» **Problem details**: Leave every picture out and write out the records below exactly.

-=-=-=-=-

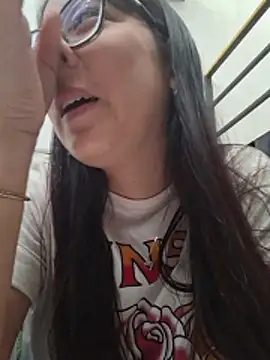 Snapshot of Isax_red chatting on May 21, 2026, 2:14 pm Isax red online show from May 21, 2026, 2:14 pm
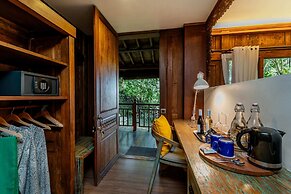 TIRA VILAGNA SUITES & SPA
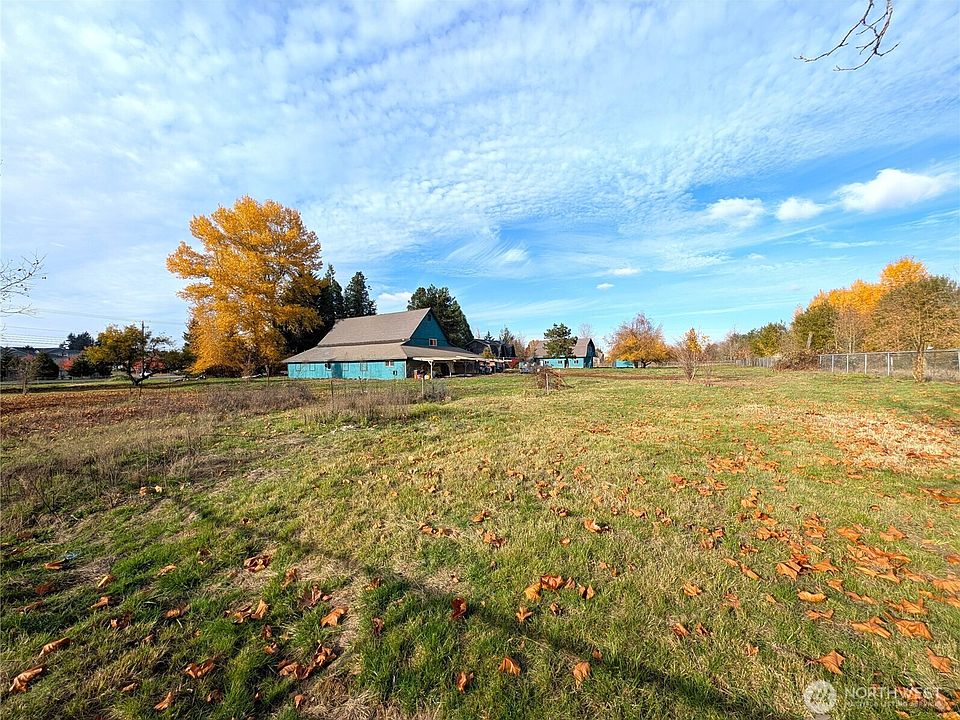 1st image of 19503 22nd Avenue E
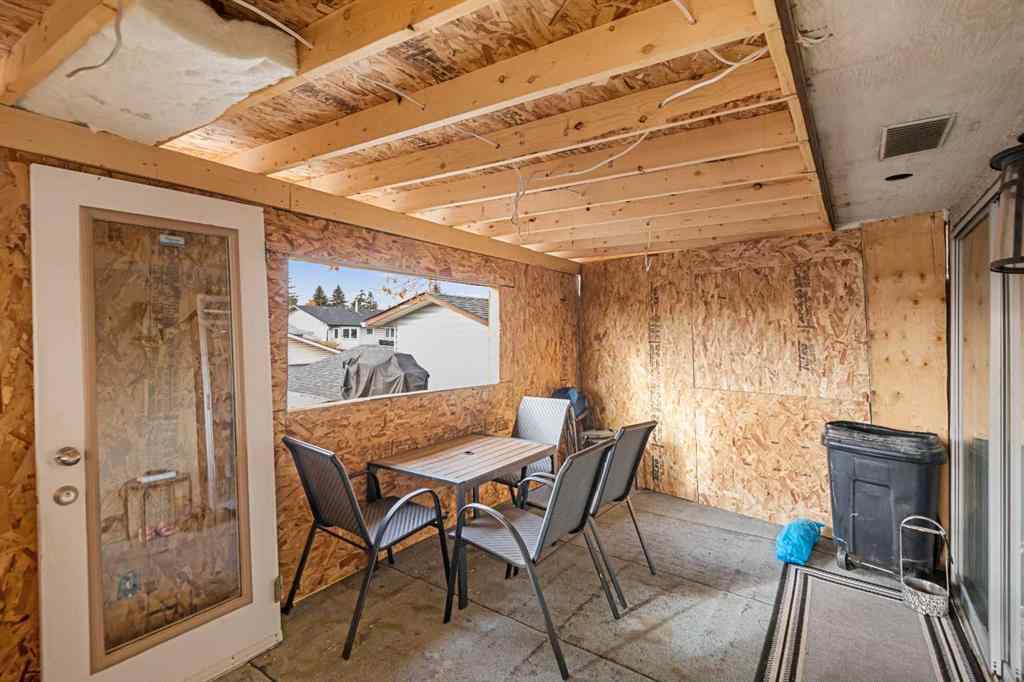 MLS® A2268555 - 255 Rundleridge Drive NE in Rundle Calgary, Residential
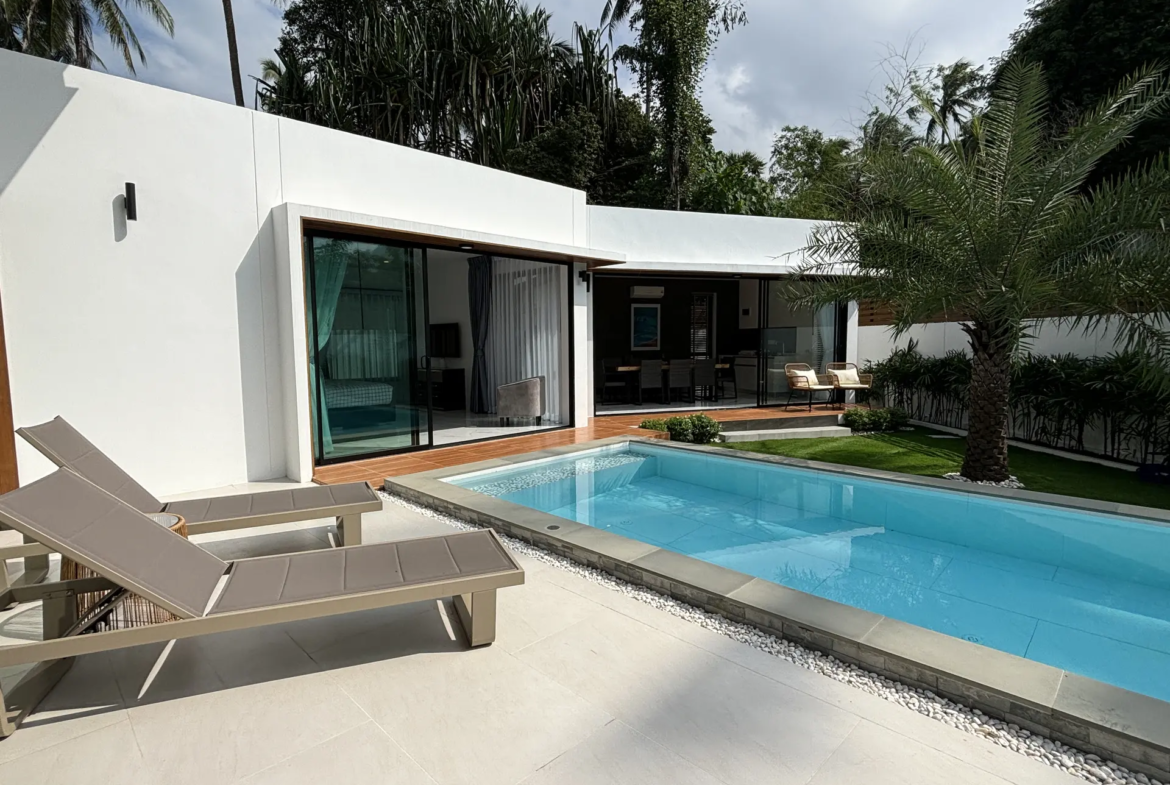 Charming 3-Bedroom Villa for Sale in Maenam - Samui & Koh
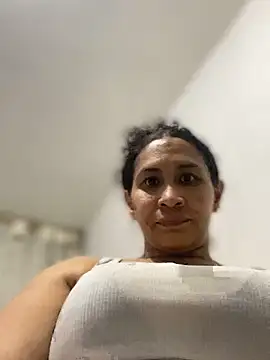Snapshot of Carola-Ross chatting on 22, 9, 2025 Carola-Ross online show from 22, 9, 2025
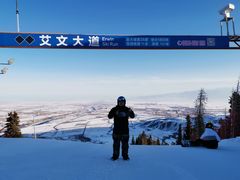 -丝绸之路山地度假区滑雪场
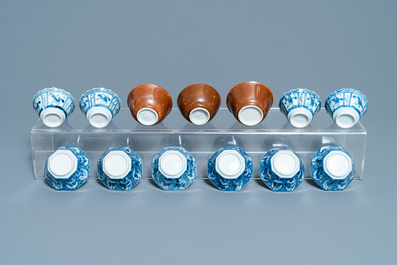 Een grote collectie Chinese blauw-witte koppen en schotels, Kangxi/Qianlong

-=-=-=-=-

» **Reply to the task**:
 Snapshot of Isax_red chatting on May 21, 2026, 2:14 pm Isax red online show from May 21, 2026, 2:14 pm
 TIRA VILAGNA SUITES & SPA
 1st image of 19503 22nd Avenue E
 MLS® A2268555 - 255 Rundleridge Drive NE in Rundle Calgary, Residential
 Charming 3-Bedroom Villa for Sale in Maenam - Samui & Koh
Snapshot of Carola-Ross chatting on 22, 9, 2025 Carola-Ross online show from 22, 9, 2025
 -丝绸之路山地度假区滑雪场
 Een grote collectie Chinese blauw-witte koppen en schotels, Kangxi/Qianlong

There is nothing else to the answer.